Coulter bit down on the toothpick. I watched it bobble around in the corner of his mouth for a moment while he tried to remember how to speak. “So it coulda been two of ’em,” he said at last.
“I suppose so,” I said.
“One of ’em stabs her, runs inside like, shit, what’d I do,” he said. “And the other one goes, shit, and runs out to look, and you pop him one.”
“It’s possible,” I said.
“Two of ’em,” he repeated.
I did not see the point of answering the same question twice, so I just sat and watched the toothpick wiggle. If I had thought I was filled with unpleasant rumblings before, it was nothing to the whirlpool of unease that was forming in me now. If Doncevic’s fingerprints were not on the knife, he had not stabbed Deborah; that was elementary, Dear Dexter. And if he had not stabbed Deborah, he was innocent and I had made a very large mistake.
This really should not have bothered me. Dexter does what he must and the only reason he does it to the well deserving is because of Harry’s training. For all the Dark Passenger cares, it could just as easily be random. The relief would be just as sweet for us. The way I choose is merely the Harry-imposed icy logic of the knife.
But it was possible that Harry’s voice was in me deeper than I had ever thought, because the idea that Doncevic might be innocent was sending me into a tailspin. And even before I could get a grip on this nasty uncomfortable sensation, I realized Coulter was staring at me.
“Yes,” I said, not at all sure what that meant.
Coulter once again threw a mangled toothpick at the trash can. He missed again. “So where’s the other guy?” he said.
“I don’t know,” I told him.

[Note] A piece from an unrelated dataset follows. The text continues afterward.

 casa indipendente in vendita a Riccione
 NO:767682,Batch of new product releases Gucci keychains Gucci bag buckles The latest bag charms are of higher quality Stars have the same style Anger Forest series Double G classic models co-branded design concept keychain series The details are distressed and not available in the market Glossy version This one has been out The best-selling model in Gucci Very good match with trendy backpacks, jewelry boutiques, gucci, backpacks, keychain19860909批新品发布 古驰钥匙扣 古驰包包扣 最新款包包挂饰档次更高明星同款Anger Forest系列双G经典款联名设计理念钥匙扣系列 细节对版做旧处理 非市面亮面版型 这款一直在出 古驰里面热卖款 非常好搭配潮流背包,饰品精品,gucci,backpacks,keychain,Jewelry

And I didn’t.
But I really wanted to find out.
SIXTEEN
I HAVE HEARD COWORKERS SPEAK OF HAVING “THE BLAHS,” and always thought myself blessed that I lacked the ability to provide a host for anything with such an unattractive name
. But the last few hours of my workday could be described in no other way. Dexter of the Bright Knife, Dexter the Duke of Darkness, Dexter the Hard and Sharp and Totally Empty, had the Blahs. It was uncomfortable, of course, but due to the very nature of the thing, I did not have the energy to do anything about it. I sat at my desk and pushed paper clips around, wishing I could just as easily push the pictures out of my head: Deborah falling, my foot connecting to Doncevic’s head, the knife going up, the saw coming down…

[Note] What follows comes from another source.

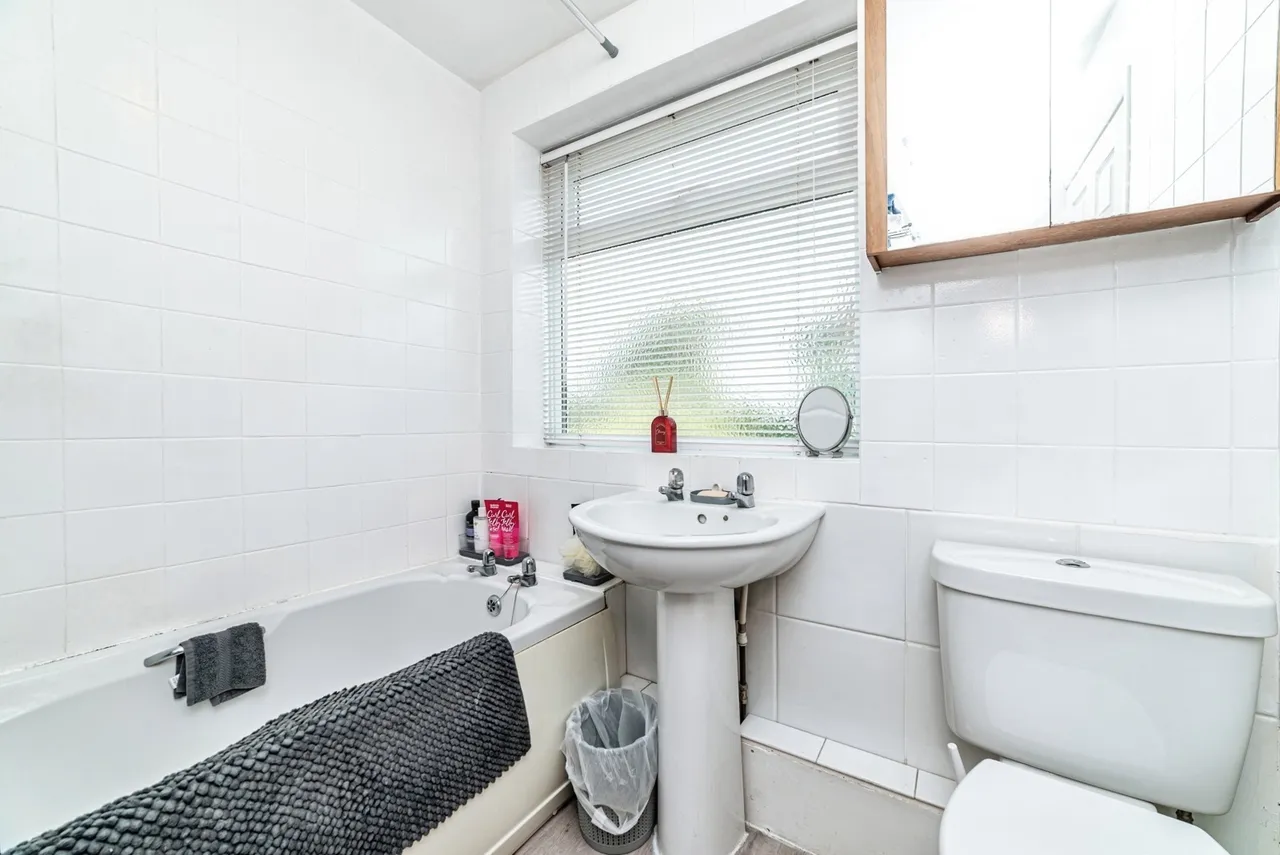 Hawthorn Way, Basingstoke, RG23, photo 8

Blah. It was as stupid as it was embarrassing and enervating. Okay, technically speaking, Doncevic had been sort of innocent. I had made one lousy little mistake. Big deal. Nobody’s perfect. Why should I even pretend to be? Was I really going to imagine that I felt bad about ending an innocent life? Preposterous. And anyway, what is innocent, after all? Doncevic had been playing around with dead bodies, and he had caused millions of dollars in damage to the city budget and the tourist industry. There were plenty of people in Miami who would gladly have killed him just to stop the bleeding.
The only problem was that one of those people was not me.
I was not much, I knew that. I never pretended to have any real humanity, and I certainly didn’t tell myself that what I did was all right just because my playmates were cut from the same cloth. In fact, I was fairly certain that the world would be a much better place without me. Mind you, I have never been in a very big hurry to make the world a better place in that regard, either. I wanted to stick around as long as possible, because when you die either everything stops forever, or else Dexter was in for a very warm surprise. Neither option seemed like much of a choice.